Shares of AMC Entertainment (AMC 1.76%) were rising 5.5% higher at 10:57 a.m. Wednesday on no company-specific news.
It comes after Disney‘s latest entry in the Toy Story franchise — Lightyear — failed to live up to expectations. A Wall Street analyst also lowered his price target on the stock yesterday, saying rampant inflation and rising gas prices were altering consumer spending priorities.
Lightyear had been expected to pull in as much as $135 million worldwide during its debut weekend, but managed to generate only $86 million in total, or what had been anticipated to be its domestic box office.
That slowed down the momentum movie theaters were enjoying as moviegoers came out to see Top Gun: Maverick and Jurassic World: Dominion in droves.
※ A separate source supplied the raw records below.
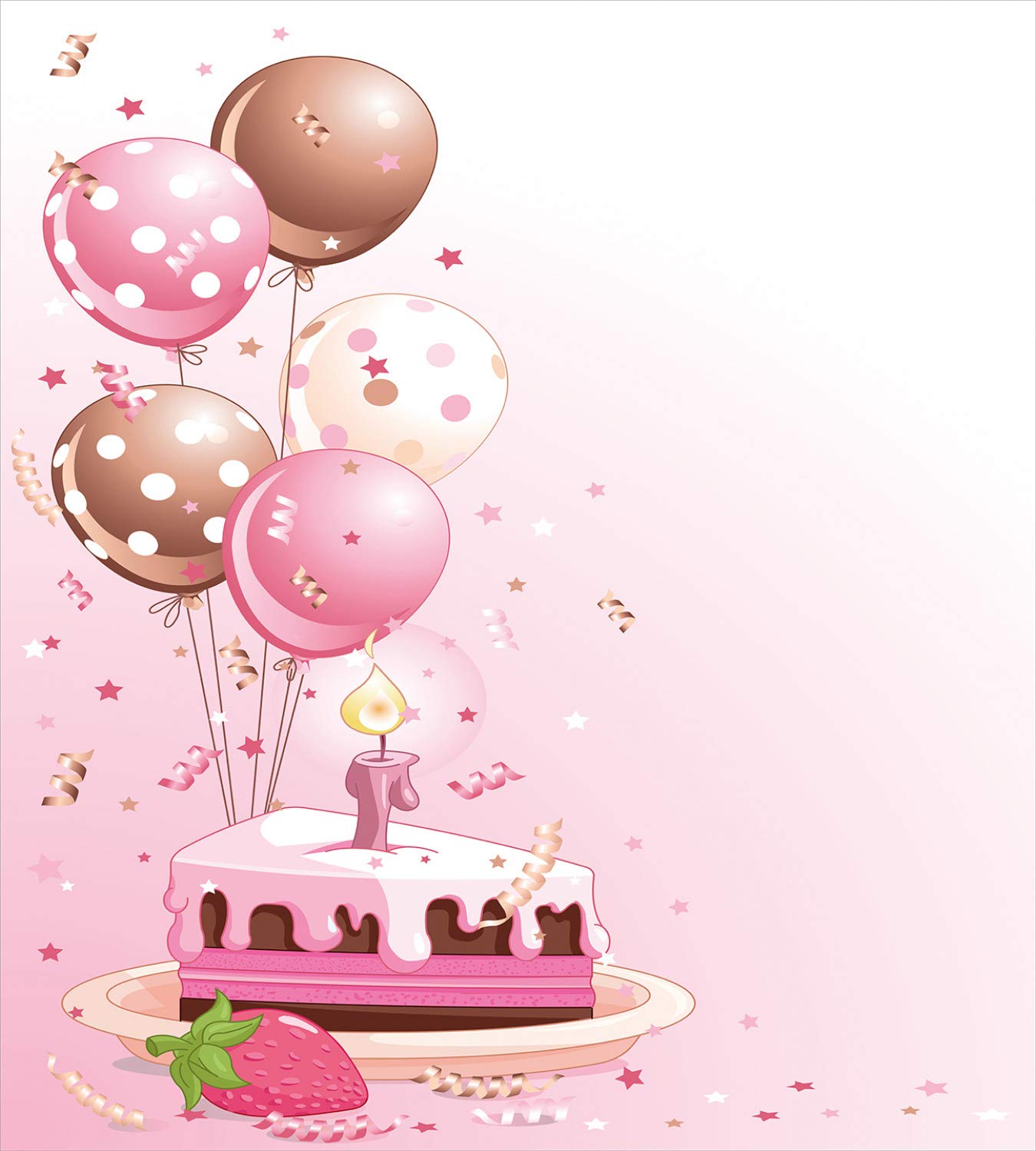 Ambesonne Birthday Duvet Cover Set - King Size 2-Piece with 4 Pillowcases, Strawberry Cake & Balloon Print in Pink & Cream | Perfect for Birthday Parties, Bedroom Decor & Gift Giving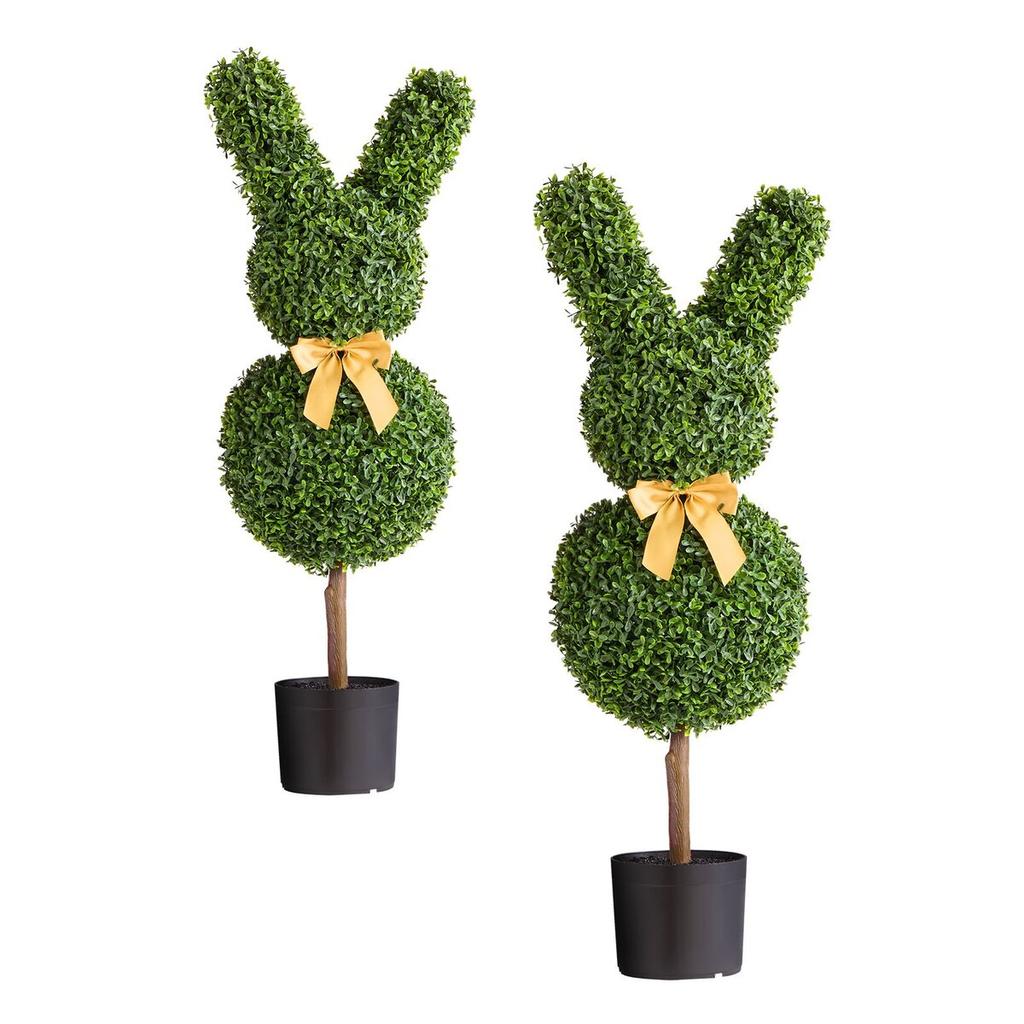 Artificial Topiary Bunny-Shape Boxwood Ball, 2 Set 914mm Faux Boxwood Plant Balls, Fake Silk Tree Look Real, Easy Assembly for Decor Front Porch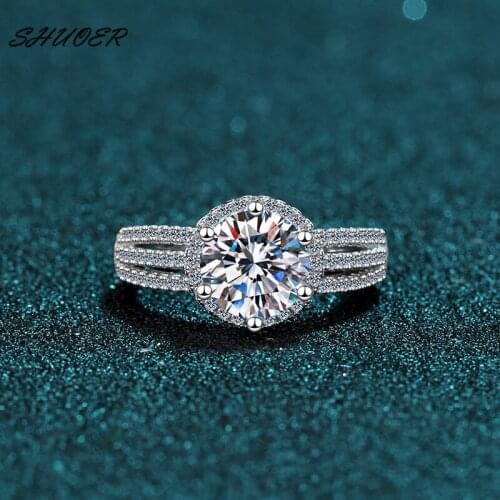 Classic 925 Sterling Silver Brilliant Cut 2 Carat Pass Diamond Tester D Color Moissanite Wide Arm Ring for Women Wedding Jewelry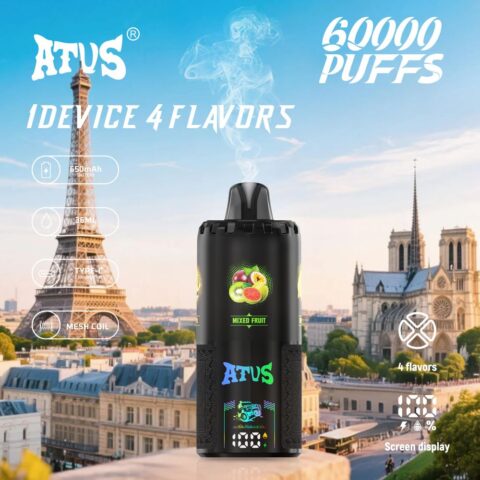 DE030 60000 Puffs Vape jetable avec écran intelligent et charge rapide saveur reglable ATVS Vape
Whether the Disney bomb is a one-off event remains to be seen, but B. Riley analyst Eric Wold says a “rapidly changing” economic and consumer spending landscape may be more difficult for AMC to navigate.
When consumers are forced to pay more for food and basic necessities, extravagances like a night out at the movies are put on hold. Wold lowered his price target from $16 per share to $11 per share.
Because AMC is a meme stock, traders really don’t care about those things, looking instead to how often the movie theater’s shares are being chatted up on social media. That’s not a smart way to invest, as a business’s fundamentals will always be more important in the long run.
Watching the antics of AMC and the gyrations of its stock from the sidelines is a wiser course to follow.